Other than possible physical reasons for her resistance to turning to the right, which you should probably get looked at if possible, I'd suggest leg, leg and more leg. From your post it sounds like you are mainly using your reins to steer. I think you should start planning your turns early, since you know she has issues. Look in the direction you want to go, and apply pressure with your left calf in addition to your rein. And if that doesn't work, there's no shame in "cheating". Just reach up with your right hand and give a little direct pull to get the message across, and then go back to riding with one hand.


----------



## Tasia (Aug 17, 2009)

When I am training my reining horse I ALWAYS ride 2 handed it gets them supple and ready for 1 handed. Anyways use your legs not just your hands its not "neck reining" its "leg reining".


----------



## ReiningTrainer (Dec 30, 2009)

When I teach neck reining, I am not teaching it. I get a good connection to both shoulders, both into and away from the rein. As they get better, my hands are closer and viola they neck rein. They understand that the 'neck rein' is asking the shoulder on that side to go away from the rein and the shoulder on the opposite side understands to follow the rein on it's side.

Then there is a fun exercise to really get the horse nice. It teaches the horse to follow your leg. So if you want to go left you lay the left leg on the horse and the horse goes left.

This works easiest in a shank bit, but it can be taught with a snaffle. You take your reins and make them even and long enough that when you lower your hand you are off the bit. You are not allowed to use cheat by using a direct rein or adjusting the length of the reins. 

I will talk about going left. Start at the walk and bump the horse at the girth with your left leg. If/when the horse does not turn his head to the left, raise the reins and bump upward staying over the center of the neck in the same rhythm of your leg. As soon as the horse even moves his head to the left stop bumping, but leave your leg on his side. If he looks back forward, bump with your leg and if he does not look left start bumping with the rein again. He may take his head in the wrong direction, just stay focused and continue what you are doing and release as soon as the head starts going in the right direction. 

When the horse will look in the direction of your leg consistently, ask him to look deeper by bumping first with the leg and following with rein if needed. Again always releasing when the nose goes in the right direction.
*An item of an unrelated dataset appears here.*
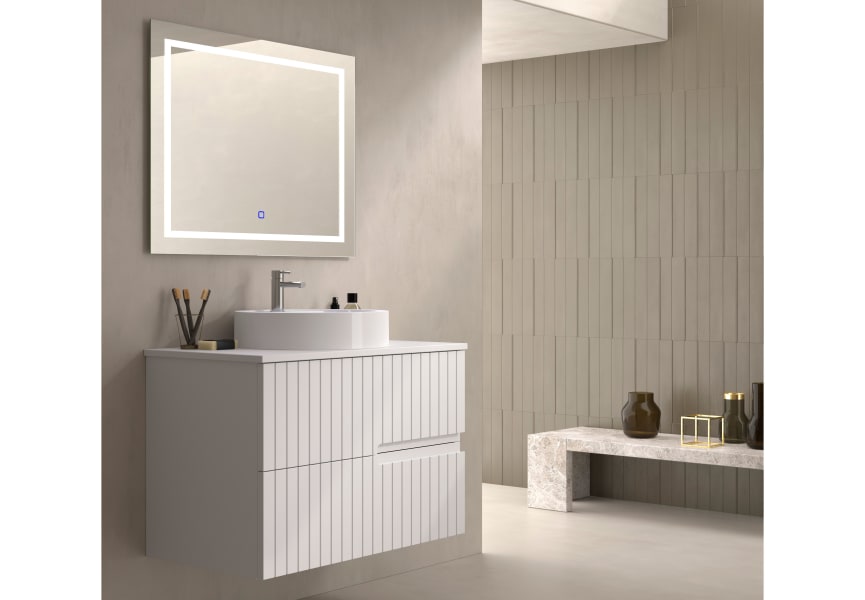 Mueble de baño con encimera piedra compactada blanca Ebi Bruntec colores principal 1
Move to the trot and keep asking the horse to follow deeper until he settles into a spin. (Keep the same rhythm in the turn.) Take your left leg off and put your right leg toward the shoulder. Let him out after a few steps by removing the right leg and placing your left leg back on him. Go right back to following your leg and build until he will hold a full turn and then two asking him to hurry up just before letting him out. 

Good for warm ups and cool downs.


----------



## horseluver50 (Mar 19, 2009)

Thank you for all your responses, they are all very helpful 
I will be trying all your suggestions hopefully this weekend, if I am not sick anymore.
I really appreciate your time


----------